Il caso Abrego García non è isolato. Altro esempio emblematico è quello di Andry Hernández Romero, cittadino venezuelano deportato dagli Stati Uniti a El Salvador a causa di due tatuaggi a forma di corona sui polsi, interpretati dalle autorità statunitensi come segni distintivi della gang criminale venezuelana Tren de Aragua. Tatuaggi che in Venezuela sono invece comunemente associati alle celebrazioni religiose del Giorno dei Re Magi. Hernández, fuggito originariamente dal Venezuela per evitare persecuzioni legate al suo orientamento sessuale e alle sue opinioni politiche, è stato dunque erroneamente identificato come una minaccia alla sicurezza e deportato. Attualmente, è detenuto in isolamento nel CECOT, senza contatti con la sua famiglia o i suoi avvocati.

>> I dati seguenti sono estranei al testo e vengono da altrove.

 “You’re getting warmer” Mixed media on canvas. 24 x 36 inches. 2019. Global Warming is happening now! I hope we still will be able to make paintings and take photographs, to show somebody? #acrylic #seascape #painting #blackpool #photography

Un altro immigrato venezuelano ha subito la stessa sorte: Widmer Josneyder Agelviz Sanguino, un rifugiato di 24 anni, nonostante fosse arrivato a Houston nel settembre 2024, regolarmente inserito in un programma di reinsediamento approvato dal governo statunitense. Come Hernández, Agelviz Sanguino è stato arrestato all'aeroporto internazionale George Bush dopo che un agente della dogana ha associato i suoi tatuaggi alla stessa gang venezuelana. Dal momento dell’arresto, la sua famiglia non ha avuto contatti diretti con lui, mentre il governo statunitense ha rifiutato di collaborare pienamente con gli avvocati che stanno cercando di riportarlo negli USA.

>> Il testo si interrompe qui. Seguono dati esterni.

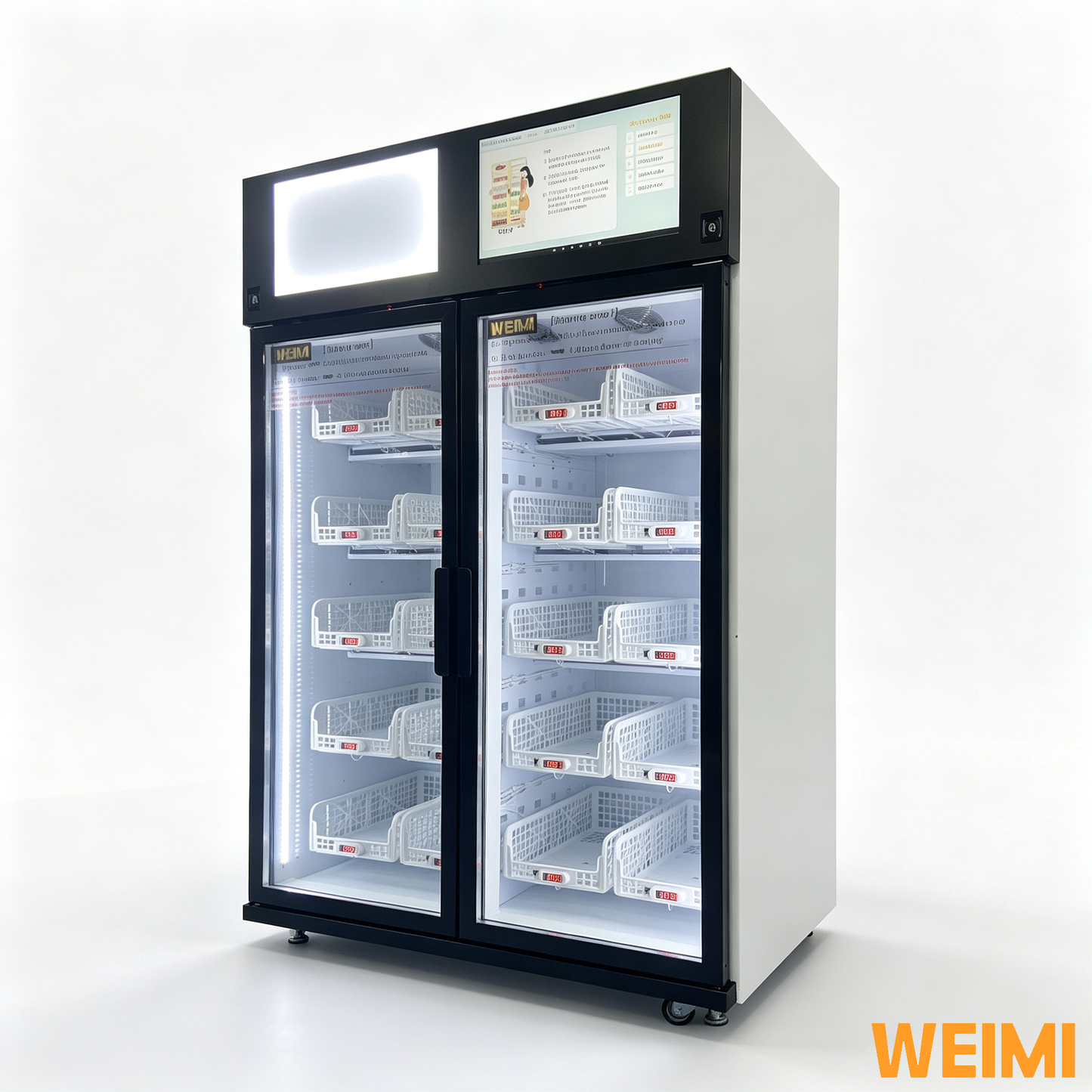 Double door smart refrigerated vending fridge with card reader for fresh produce retail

Un ennesimo caso analogo ai precedenti citati, riguarda un cittadino guatemalteco identificato solo come O.C.G.: un uomo gay, aveva richiesto asilo negli Stati Uniti dopo aver subito violenze omofobiche in Guatemala e in Messico. Nonostante un ordine del tribunale che impediva la sua deportazione, è stato erroneamente espulso verso il Messico, dove in precedenza era stato rapito e violentato. Successivamente, è stato trasferito in Guatemala, dove attualmente vive nascosto per timore di ulteriori persecuzioni. Un giudice federale ha ordinato all'amministrazione Trump di facilitare il suo ritorno negli Stati Uniti, sottolineando che la deportazione ha violato il giusto processo e gli obblighi internazionali contro il rimpatrio forzato verso Paesi dove è probabile la tortura. In questo caso – contrariamente ai precedenti – le autorità statunitensi hanno riconosciuto l’errore, attribuendolo a un problema informatico, riorganizzando il suo rientro.
Casi come quelli di Abrego García, Hernández, Agelviz Sanguino e O.C.G. mettono in luce le gravi carenze procedurali nelle attuali pratiche di deportazione, aggravate dai nuovi accordi bilaterali sostenuti dall’amministrazione Trump e promossi dal Dipartimento per la Sicurezza Nazionale guidato da Kristi Noem. Questi protocolli, siglati con governi autoritari come quello di Bukele in El Salvador, espongono anche rifugiati regolarmente presenti sul suolo statunitense a rimpatri forzati che, in molti casi, assumono le sembianze di veri e propri sequestri extragiudiziali. Una strategia che, sotto la retorica della sicurezza, alimenta il rischio sistemico di violazioni dei diritti umani e trasforma le politiche migratorie in strumenti di repressione, piuttosto che di giustizia, non aiutando la risoluzione dello stato di emergenza.